My instinct is still that if a defer has grown large enough that the await has moved far from the defer (such that defer async would be a meaningfully useful marker), then it is no longer particularly helpful to know that the defer suspends somewhere—it's much more important to know precisely where (as marked by await), since thats the point at which you have to think about reentrancy, invariants, etc. Moreover, it doesn't do anything to solve the real potential point of confusion that the actual suspension point in the logical flow is divorced from its syntactic position.

It is important for functions to mark themselves as async because they form an API boundary; but this doesn't apply to defer. Similarly, I don't really see the use of this:

Since defer doesn't form an API boundary, it can freely move between being synchronous and asynchronous in an async function. In what situations would a defer need to be synchronous when the surrounding context is already async. Or, put another way, if one had a defer sync and suddenly found themselves needing to do some async cleanup, what would/could they do apart from merely deleting the sync, or replicating defer by pasting await cleanup() along every exit path manually?
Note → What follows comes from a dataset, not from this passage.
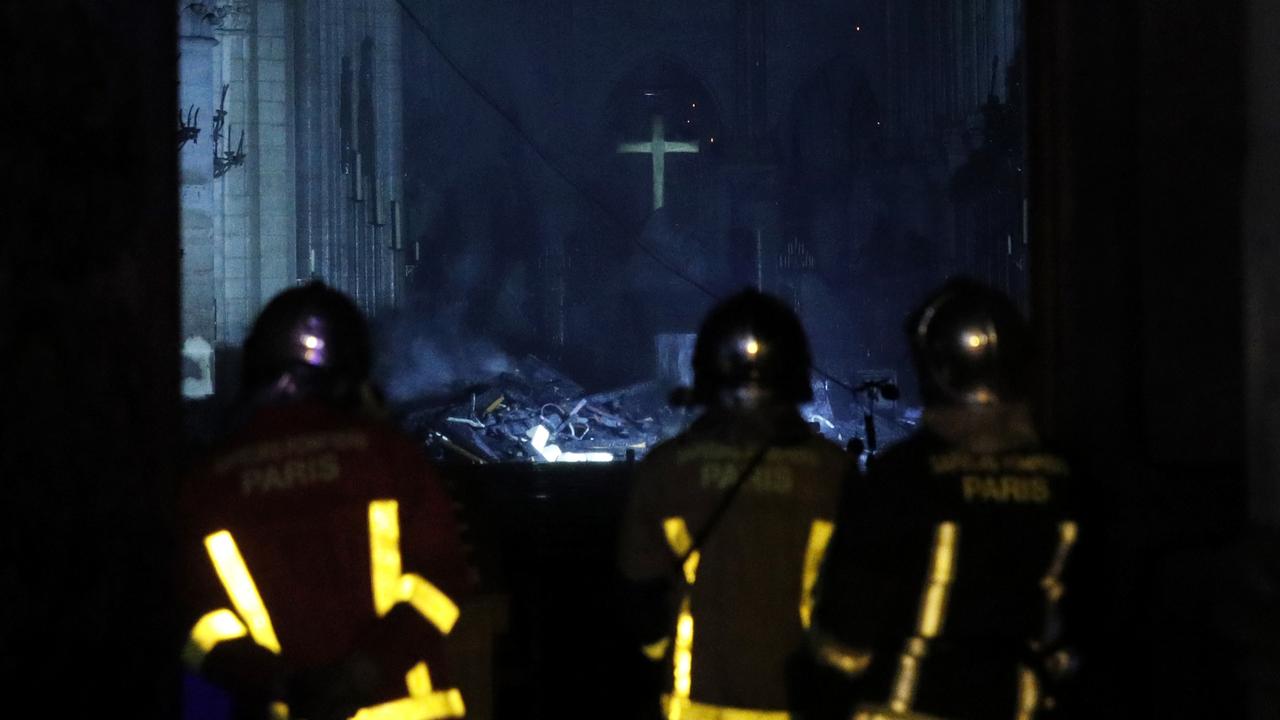 French firemen enter the Notre-Dame Cathedral as flames are burning on the roof cathedral in Paris. Picture: EPA/YOAN VALA.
Lastly, to the suggestion that defer async be optional but not required, I'd just say that if we find a mere await to be confusing in practice in certain cases, which would have been improved by marking the defer itself, we could always introduce this option additively—the only thing we're more or less locking in with this proposal is that such marking would not be required.

+1, this will be an excellent addition.

Agreed that an optional async doesn’t really help much. It’s not like an async would “force” you to actually have some await inside it; it’d be like async functions which may, or may not actually await/suspend. So we’re not really gaining much strong guarantees by allowing the async just optionally.

So I think we’re back to just allowing async code in defers being the simplest and consistent thing we can do here.